*DATASET ENTRIES*.
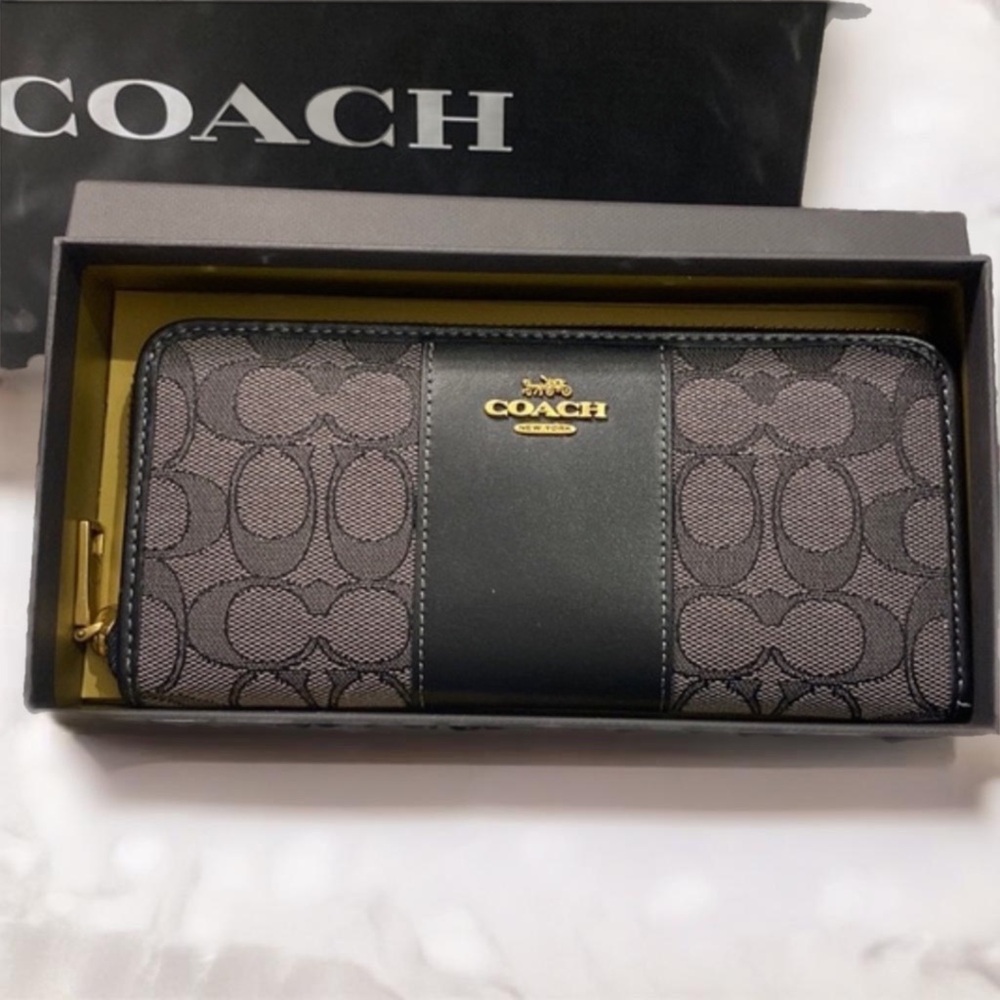 NWT Coach Boxed Slim Accordion Zip Wallet in Signature Textile Jacquard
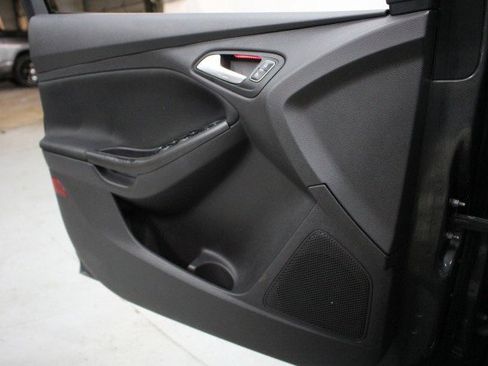 Used 2017 Ford Focus SEL image 20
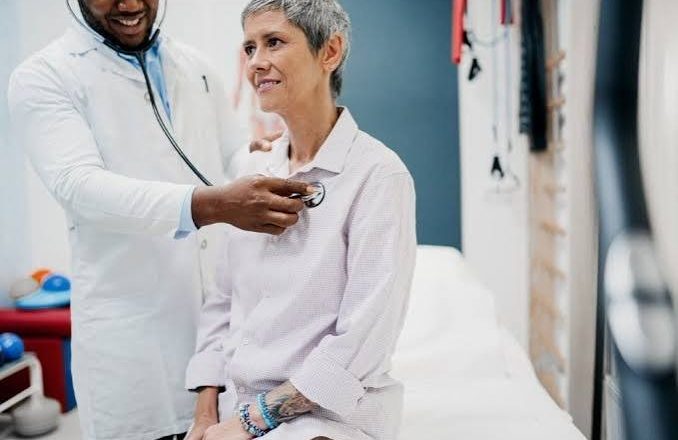 Abultamientos que cambian de tamaño requieren valoración médica; detección oportuna mejora el tratamiento del sarcoma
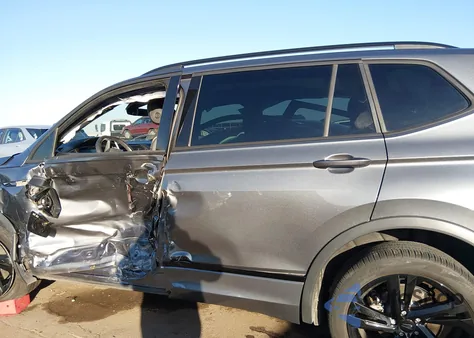 2023 Volkswagen Tiguan 2.0T Se R-Line Black z USA, uszkodzony, nr VIN 3VVCB7AX9PM134364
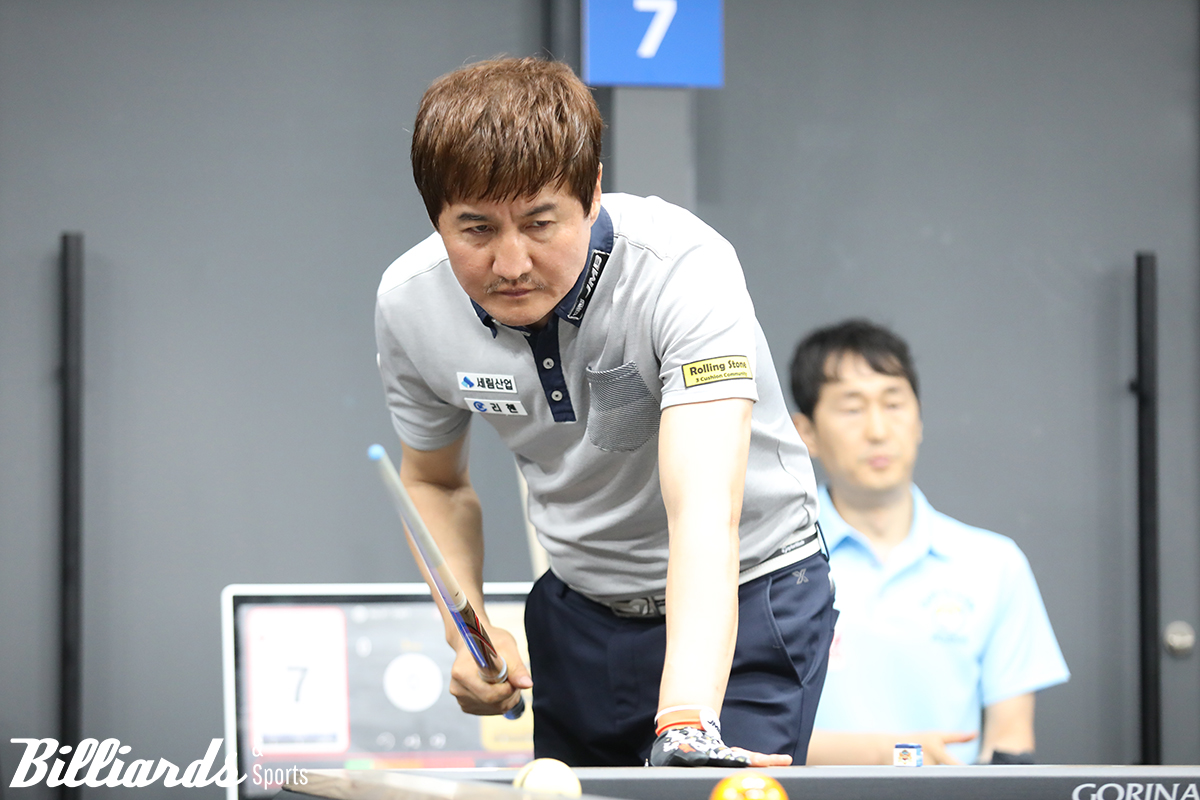 '무명 돌풍' 박기호는 장타 없이 고전한 끝에 이호영에게 0-3으로 패하고 말았다.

*PROBLEM TO SOLVE*. Every record above must be copied exactly; none of the pictures belong in the copy.

*EXERCISE RESULT*.
 NWT Coach Boxed Slim Accordion Zip Wallet in Signature Textile Jacquard
 Used 2017 Ford Focus SEL image 20
 Abultamientos que cambian de tamaño requieren valoración médica; detección oportuna mejora el tratamiento del sarcoma
 2023 Volkswagen Tiguan 2.0T Se R-Line Black z USA, uszkodzony, nr VIN 3VVCB7AX9PM134364
 '무명 돌풍' 박기호는 장타 없이 고전한 끝에 이호영에게 0-3으로 패하고 말았다.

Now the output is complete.